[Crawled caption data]
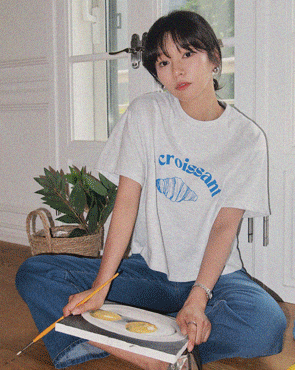 Croissant Cropped Loose Fit Short T-shirts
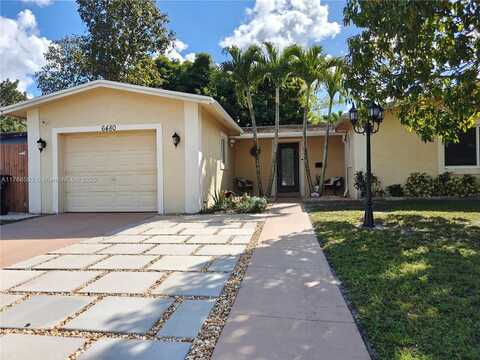 6480 SW 7th Pl, North Lauderdale, FL 33068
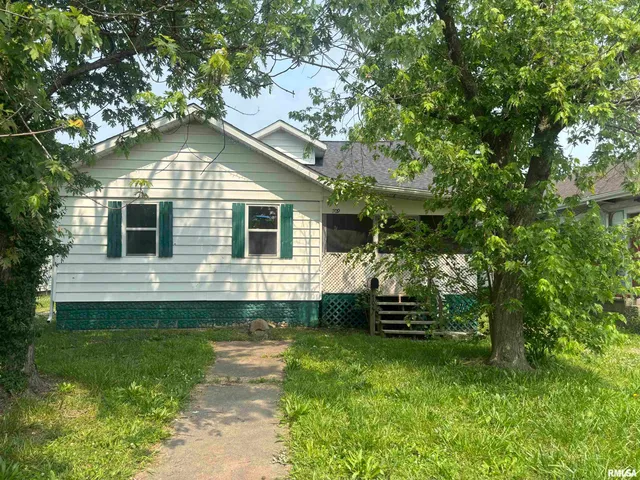 $85,000 | 709 South Virginia Avenue, Marion, IL 62959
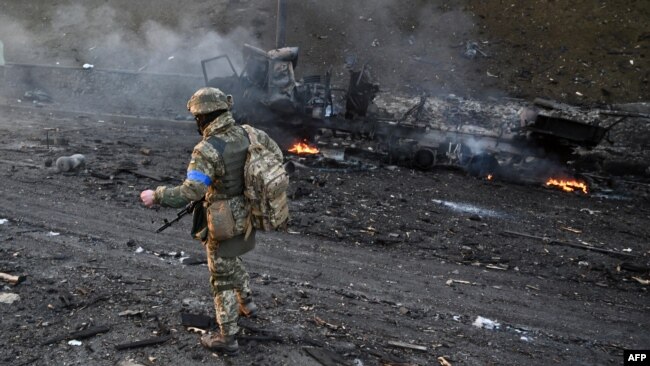 2月26日在乌克兰首都基辅与俄罗斯突袭部队作战后，一名乌克兰军人在寻找未爆炸的炸弹。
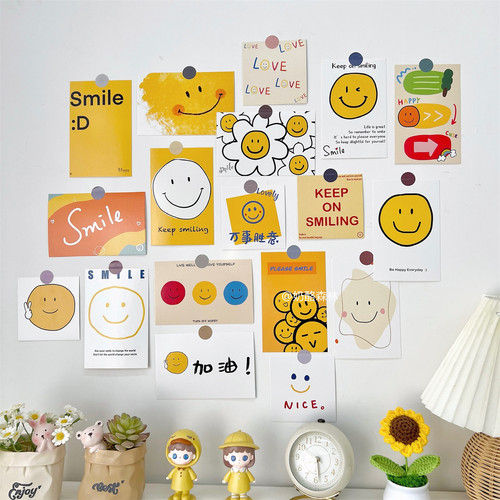 可爱笑脸治愈系卡片装饰送墙贴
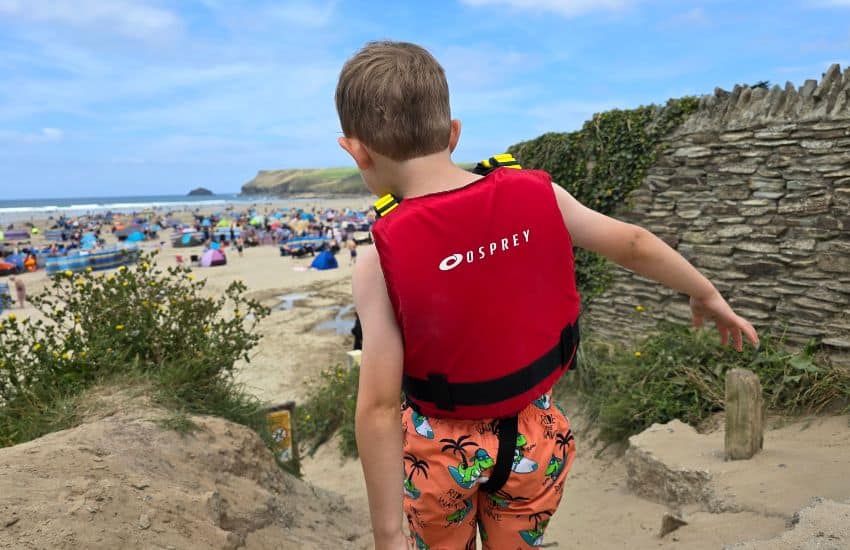 Osprey Junior Buoyancy Aid 50N Review (2025) 5 Osprey junior Buoyancy Aid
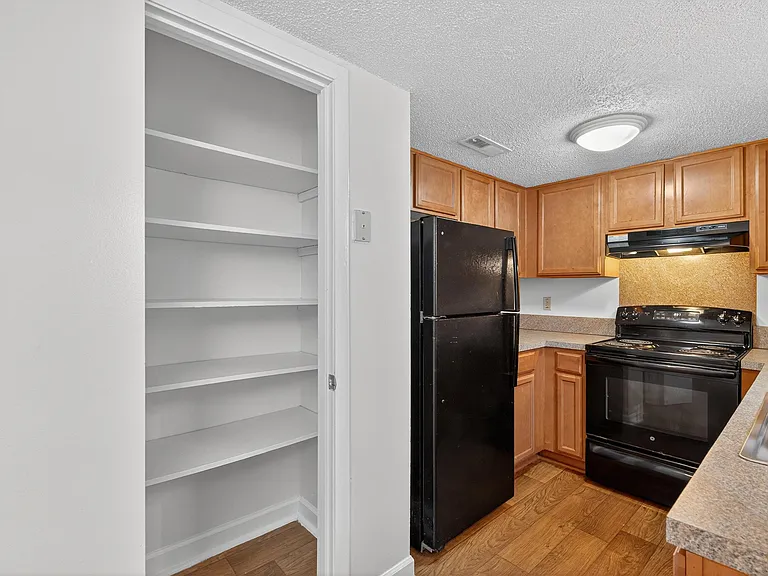 Woodlocke Apartments — Photo 50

• REQUIRED WORK: Repeat exactly the lines from the first line of the records above through the line containing "Osprey Junior Buoyancy Aid 50N", both included. Leave out the pictures.

• EXERCISE SOLUTION:
 Croissant Cropped Loose Fit Short T-shirts
 6480 SW 7th Pl, North Lauderdale, FL 33068
 $85,000 | 709 South Virginia Avenue, Marion, IL 62959
 2月26日在乌克兰首都基辅与俄罗斯突袭部队作战后，一名乌克兰军人在寻找未爆炸的炸弹。
 可爱笑脸治愈系卡片装饰送墙贴
 Osprey Junior Buoyancy Aid 50N Review (2025) 5 Osprey junior Buoyancy Aid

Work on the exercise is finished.